Source Han Sans Version 2.000 Technical Tidbits

日本語 (Japanese) はこちら

(Everything that is stated in this article applies to the corresponding Google-branded Pan-CJK typeface family, Noto Sans CJK. Likewise, any reference to Source Han Serif also applies to Noto Serif CJK.)

The last time that a new version of the Source Han Sans family, along with the Google-branded version, Noto Sans CJK, was released was in June of 2015 in the form of Version 1.004. I know from personal experience that a lot of planning, preparation, and work took place during the three years that followed, and the end result is Version 2.000 of both Pan-CJK typeface families.

If you’re interested in learning more details about some of the changes, enhancements, and additions that Version 2.000 offers, please continue reading this article.

Extension G

The eye-catching animated image at the beginning of this article illustrates how two soon-to-be-encoded Extension G ideographs are supported in the five languages: Japanese, Korean, Simplified Chinese, Traditional Chinese for Taiwan, and Traditional Chinese for Hong Kong. Each weight is shown in the seven colors of the rainbow. Each ideograph requires four glyphs, and how they are shared across the five languages is different. Glyphs for two additional soon-to-be-encoded Extension G ideographs are also included in the fonts, meaning four in total.

For now, because Extension G code points are not yet stable, these glyphs need to be entered via their IDSes (Ideographic Description Sequences) that are subsequently processed by the 'ccmp' (Glyph Composition/Decomposition) GSUB feature. See the “CJK Unified Ideographs Extension G” Section and its table on page 13 of the official ReadMe file for more details.

The glyphs for the four Extension G ideographs were designed by members of our design team in Tokyo. Yui Yoshitomi (吉富ゆい), a former member of our design team, designed the initial glyphs for two of the ideographs, the ones for biáng (the traditional form is the ideograph on the left in the animated image above). Taisei Yoshida (吉田大成) subsequently tweaked those glyphs, which involved expanding the traditional form to encompass four separate region-specific glyphs, and he also designed the glyphs for the two additional Extension G ideographs, such as taito (the 84-stroke ideograph on the right in the animated image above).

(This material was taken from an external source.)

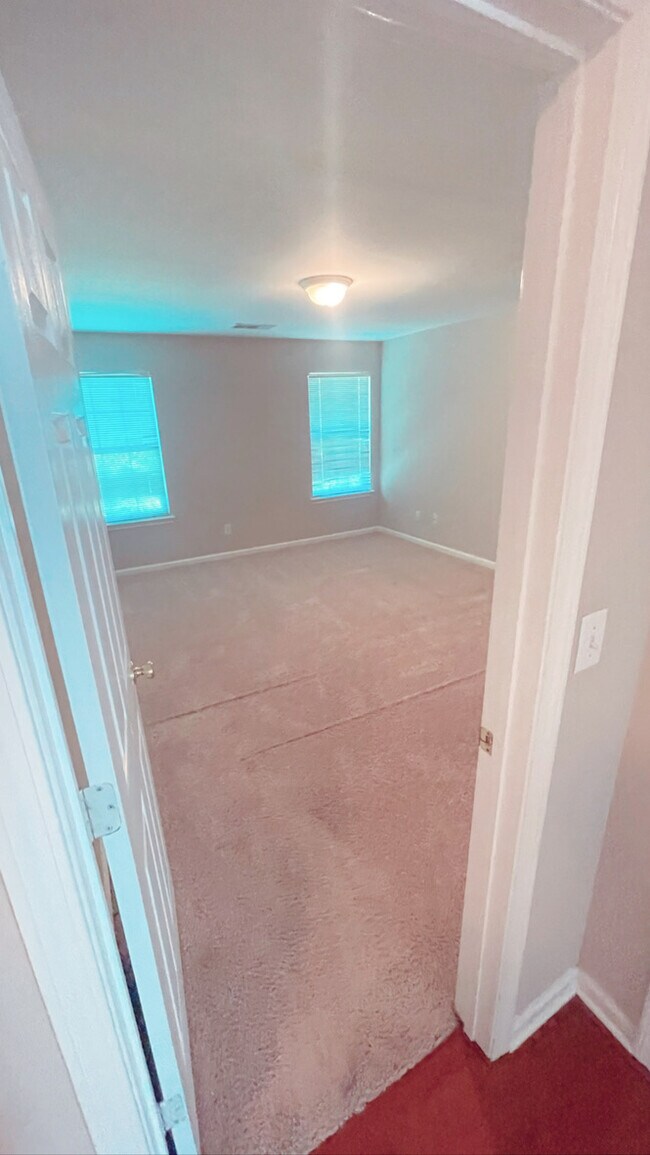 Master Bedroom Entrance (3rd FL) - 6895 Slate Stone Way SE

Of course, these glyphs were checked by Ryoko Nishizuka (西塚涼子), who oversees the design of these Pan-CJK typefaces.

Hong Kong Support

The most time-consuming aspect of the Version 2.000 update was adding support for a second flavor of Traditional Chinese, for Hong Kong and supporting the HKSCS-2016 standard, which increased the total number of individual font resources by 16, from 72 to 88. The number of fonts included in the Super OTC, which continues to be my preferred deployment format, increased by nine fonts, from 36 to 45.

Our friends at Arphic Technology (文鼎科技) did the bulk of the design work, which involved designing approximately 1,400 new HK glyphs and tweaking approximately 750 existing HK glyphs. They also designed approximately 50 new CN glyphs and approximately 150 new TW ones, along with tweaking approximately 125 CN glyphs and 400 TW ones.

While modern browsers have supported language-tagging for Hong Kong for quite some time, which could be easily tested via the open source LOCL Test font, the first Adobe app to do so is Adobe InDesign CC 2019, which was released just last month during Adobe MAX.

One of the ramifications of adding support for a fifth language means that there will be a non-zero number of characters, specifically ideographs, that will will require five separate glyphs, one for each of the five supported languages. My analysis of the mappings determined that there are 66 such characters. Another ramification is that the number of characters that require four separate glyphs increased, from 318 in Version 1.004, to 739 in Version 2.000. This is mainly due to the large influx of new HK glyphs.

Improved Bopomofo Support

In addition to adding glyphs for a very small number of newly- or soon-to-be-encoded bopomofo characters, we used the opportunity to (massively) improve their glyphs, and to provide better support for their use, to include tone marks. Ryoko Nishizuka, our extraordinarily talented typeface designer, took on the challenge of redesigning the glyphs for virtually all bopomofo, which is a new script for her. Of course, she received valuable feedback from bopomofo experts during the design process. The animated image below shows the Version 2.000 glyphs in black, along with the Version 1.004 glyphs superimposed in blue.

In terms of improving the support of bopomofo and tones, it primarily involved adding the 'GDEF' (Glyph Definition) table, the 'mark' (Mark Positioning) GPOS feature, and the 'ruby' (Ruby Notation Forms) GSUB feature. The 'vert' (Vertical Alternates) feature, in GSUB and GPOS form, is also involved.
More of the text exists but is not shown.